I think my course of action will be that I will leave it "as is" for a month or so, but run through Richie's checklist.
Then, when I have calmed down, I will have to remove the whole switch to get the motor cover off (since this is one of only two switches where I left the motor cover screwed down when I mounted the switch), and see what is inside.
If I can't really see anything, then I'm going to try using a barrel connector to go over the split-4 pin. (I just saw one of these last week when I replaced a 6 volt tail light on my tractor, and the light came with one of these barrel connectors attached.)
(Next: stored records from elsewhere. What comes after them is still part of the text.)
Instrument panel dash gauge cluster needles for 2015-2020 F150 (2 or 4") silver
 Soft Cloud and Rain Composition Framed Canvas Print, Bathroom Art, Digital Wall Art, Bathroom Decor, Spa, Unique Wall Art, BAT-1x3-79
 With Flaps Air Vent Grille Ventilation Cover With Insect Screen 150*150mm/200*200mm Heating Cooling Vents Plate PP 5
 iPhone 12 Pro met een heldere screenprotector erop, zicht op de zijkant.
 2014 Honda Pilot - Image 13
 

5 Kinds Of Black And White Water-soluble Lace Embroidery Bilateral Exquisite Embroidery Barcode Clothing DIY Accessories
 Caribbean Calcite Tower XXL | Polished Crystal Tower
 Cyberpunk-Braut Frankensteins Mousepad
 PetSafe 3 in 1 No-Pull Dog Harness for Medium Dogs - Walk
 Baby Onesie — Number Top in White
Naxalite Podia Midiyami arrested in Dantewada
If that doesn't work, then I'm going to permanently solder a 6 inch wire to it, and wrap it in electric tape to seal it up.
When I remove the motor cover, if I see anything mechanically wrong, I will post a picture of it here, as a warning to others of what can happen.
My current "theory" is this: I always had trouble with this particular split-pin, because the original plug it came with was too loose and it was giving me a spotty connection. So, I very gently "spread" the four parts of the pin with a razor blade, to open the parts up just a bit, and put the plug back on. This lasted for a few months, but then I started having some spotty current flow again.
So, I threw the original plug away, and replaced it with a new one. The new plug seemed to have a noticeably smaller hole in the end, and fit much tighter. This seemed to fix the electrical problem.
But, I had to pull that plug off, in order to fit the track bed under the motor housing.
I think that when I shoved it back on, the hole in the end of the plug was not totally lined up at a 90 degree angle with the four-split pin. I think that the hole captured three of the pin prongs into the plug, but the plug housing got "underneath" one of the pin prongs, so that when I pushed the plug in, it peeled that pin prong up and away from the rest of the pin like a piece of banana peel. That "one fourth" pin section then touched the metal housing or an end wire inside of the switch, and carried the constant voltage current straight into the track.
Just my theory. I'll let you know when I open up the housing.